Rainbow-like features paint the sky in several other ways. When the Sun or Moon is behind a thin sheet of cirrus cloud, it may be encircled by a halo, typically reddish-yellow at its inner edge and whitish beyond. Like rainbows, haloes are produced by light passing through airborne water, but in this case the water is frozen. The ice clouds that produce most haloes are made up of six-sided plates and pencilhaped crystals. Light that enters these crystals departs at a variety of angles, and the crystals themselves may be oriented randomly. Still, there's a concentration of light close to a 22° angle from the Sun or moon. As with rainbows, haloes can occur at other angles, too.

The plate-shaped crystals aren't always mixed up grab-bag style; larger ones fall nearly flat. In this case, the visible reflections occur mostly along a horizontal line passing through the Sun. These are sun dogs – small, bright patches, often in rainbow colours, that flank the Sun on either side at a 22° or greater angle. Since they're formed by a more organized array of crystals than those that produce haloes, sun dogs can feature more well-defined colours, although they don't normally approach the brilliance of rainbows.

Some very different rings of light – the glory – may be one inspiration for what artists have placed around the heads of spiritual icons for centuries. When a plane flies above a cloud bank on a sunny day, a small, roughly circular ring – usually in very pastel shades of red – may form around the plane's shadow. It's caused by diffraction: the interactions of sunlight at various wavelengths and angles hitting the faintly obscured area around the plane's distinct shadow. Even though the shadow reduces the total amount of light, cloud droplets can return some of the remaining light and, ironically, make this region brighter and more colourful than the areas in direct sun. The width of a glory depends on the size of the water droplets within the cloud; some glories are concentric. Halo-painting artists may also have been inspired by the more common heiligenschein, a bright light seen immediately around the shadow of your sunlit head on a variety of wet and dry surfaces.

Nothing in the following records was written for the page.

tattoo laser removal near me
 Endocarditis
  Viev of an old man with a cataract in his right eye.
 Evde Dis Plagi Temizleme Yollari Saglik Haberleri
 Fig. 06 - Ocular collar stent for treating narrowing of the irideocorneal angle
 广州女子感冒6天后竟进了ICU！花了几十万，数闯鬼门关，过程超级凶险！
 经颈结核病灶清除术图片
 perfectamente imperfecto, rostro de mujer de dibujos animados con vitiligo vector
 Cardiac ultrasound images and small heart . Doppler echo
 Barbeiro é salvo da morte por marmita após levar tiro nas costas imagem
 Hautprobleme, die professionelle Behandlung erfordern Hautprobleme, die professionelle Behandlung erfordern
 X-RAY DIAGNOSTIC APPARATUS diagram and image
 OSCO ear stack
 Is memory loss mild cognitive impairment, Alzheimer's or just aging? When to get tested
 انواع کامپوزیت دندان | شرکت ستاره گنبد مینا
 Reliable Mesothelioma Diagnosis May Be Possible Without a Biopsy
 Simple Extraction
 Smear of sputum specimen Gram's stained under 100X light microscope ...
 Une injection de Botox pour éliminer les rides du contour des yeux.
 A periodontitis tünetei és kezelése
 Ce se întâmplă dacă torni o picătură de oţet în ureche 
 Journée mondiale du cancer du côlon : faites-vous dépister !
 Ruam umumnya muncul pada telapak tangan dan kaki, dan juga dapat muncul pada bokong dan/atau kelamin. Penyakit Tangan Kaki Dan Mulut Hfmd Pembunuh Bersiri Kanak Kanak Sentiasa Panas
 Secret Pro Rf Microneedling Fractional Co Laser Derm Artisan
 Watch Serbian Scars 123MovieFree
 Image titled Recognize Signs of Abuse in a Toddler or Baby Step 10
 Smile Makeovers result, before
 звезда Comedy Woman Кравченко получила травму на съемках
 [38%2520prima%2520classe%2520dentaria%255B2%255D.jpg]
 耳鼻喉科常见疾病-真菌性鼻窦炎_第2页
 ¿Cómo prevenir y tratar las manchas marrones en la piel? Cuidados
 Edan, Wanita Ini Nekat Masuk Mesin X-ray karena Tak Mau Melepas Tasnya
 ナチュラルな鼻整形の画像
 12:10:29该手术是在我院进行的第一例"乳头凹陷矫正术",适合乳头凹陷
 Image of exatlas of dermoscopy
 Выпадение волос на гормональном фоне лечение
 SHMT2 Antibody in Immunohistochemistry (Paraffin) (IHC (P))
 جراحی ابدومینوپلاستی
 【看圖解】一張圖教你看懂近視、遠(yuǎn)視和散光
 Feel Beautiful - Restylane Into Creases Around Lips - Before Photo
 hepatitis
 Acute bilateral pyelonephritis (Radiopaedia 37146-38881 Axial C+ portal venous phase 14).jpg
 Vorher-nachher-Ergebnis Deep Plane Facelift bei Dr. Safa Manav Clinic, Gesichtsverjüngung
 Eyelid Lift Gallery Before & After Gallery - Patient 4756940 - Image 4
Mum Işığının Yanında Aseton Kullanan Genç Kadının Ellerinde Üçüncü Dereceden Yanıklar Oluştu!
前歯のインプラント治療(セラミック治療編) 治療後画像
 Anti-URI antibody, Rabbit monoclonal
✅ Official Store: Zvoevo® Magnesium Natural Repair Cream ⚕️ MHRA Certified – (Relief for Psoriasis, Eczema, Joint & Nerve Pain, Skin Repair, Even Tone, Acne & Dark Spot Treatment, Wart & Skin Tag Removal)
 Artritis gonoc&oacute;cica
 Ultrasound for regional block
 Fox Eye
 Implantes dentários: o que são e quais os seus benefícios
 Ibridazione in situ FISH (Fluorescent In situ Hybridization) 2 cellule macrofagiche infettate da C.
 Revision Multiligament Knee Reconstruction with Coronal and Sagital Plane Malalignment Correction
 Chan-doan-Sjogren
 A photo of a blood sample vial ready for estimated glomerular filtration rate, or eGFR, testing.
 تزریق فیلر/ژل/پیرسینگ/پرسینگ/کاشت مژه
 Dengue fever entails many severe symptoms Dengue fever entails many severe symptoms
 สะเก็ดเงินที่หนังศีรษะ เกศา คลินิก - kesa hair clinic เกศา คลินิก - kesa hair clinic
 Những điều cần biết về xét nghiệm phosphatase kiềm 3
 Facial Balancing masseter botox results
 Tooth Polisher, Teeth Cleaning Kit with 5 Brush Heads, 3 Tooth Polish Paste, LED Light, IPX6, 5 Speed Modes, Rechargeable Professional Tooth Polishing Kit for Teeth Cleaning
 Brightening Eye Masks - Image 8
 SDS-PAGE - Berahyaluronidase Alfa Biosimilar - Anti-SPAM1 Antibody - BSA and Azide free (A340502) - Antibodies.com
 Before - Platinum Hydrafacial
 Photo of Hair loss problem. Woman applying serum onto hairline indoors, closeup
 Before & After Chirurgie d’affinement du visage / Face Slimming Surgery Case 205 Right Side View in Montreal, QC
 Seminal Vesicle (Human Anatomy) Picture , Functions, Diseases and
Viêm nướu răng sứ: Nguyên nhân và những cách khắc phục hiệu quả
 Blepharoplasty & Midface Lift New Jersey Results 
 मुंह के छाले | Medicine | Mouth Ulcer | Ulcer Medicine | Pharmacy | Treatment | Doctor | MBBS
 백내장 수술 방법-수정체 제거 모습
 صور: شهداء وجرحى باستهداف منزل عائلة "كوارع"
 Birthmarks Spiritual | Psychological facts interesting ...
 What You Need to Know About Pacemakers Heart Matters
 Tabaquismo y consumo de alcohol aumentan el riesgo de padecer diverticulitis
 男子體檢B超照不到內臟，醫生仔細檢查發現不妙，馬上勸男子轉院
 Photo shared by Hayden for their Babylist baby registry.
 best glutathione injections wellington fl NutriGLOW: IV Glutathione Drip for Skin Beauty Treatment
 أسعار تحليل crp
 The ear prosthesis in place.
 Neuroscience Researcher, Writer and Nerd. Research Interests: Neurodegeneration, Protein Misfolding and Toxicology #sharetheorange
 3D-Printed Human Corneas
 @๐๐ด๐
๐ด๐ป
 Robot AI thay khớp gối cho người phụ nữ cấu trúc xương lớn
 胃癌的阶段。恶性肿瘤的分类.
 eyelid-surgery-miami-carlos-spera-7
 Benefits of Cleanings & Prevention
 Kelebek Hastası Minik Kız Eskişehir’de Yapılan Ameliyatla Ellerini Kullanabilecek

Long before airplanes existed, glories were created by people perched on mountaintops. If you stand on a peak with the Sun at your back and a cloud bank below, you might see a huge-looking, elongated shadow of your body on the cloud, with a ring of glory surrounding your head. It's easy to believe that myth-makers drew on this spectacular effect in depicting the holiness of Christian angels, Greek gods and Indian icons.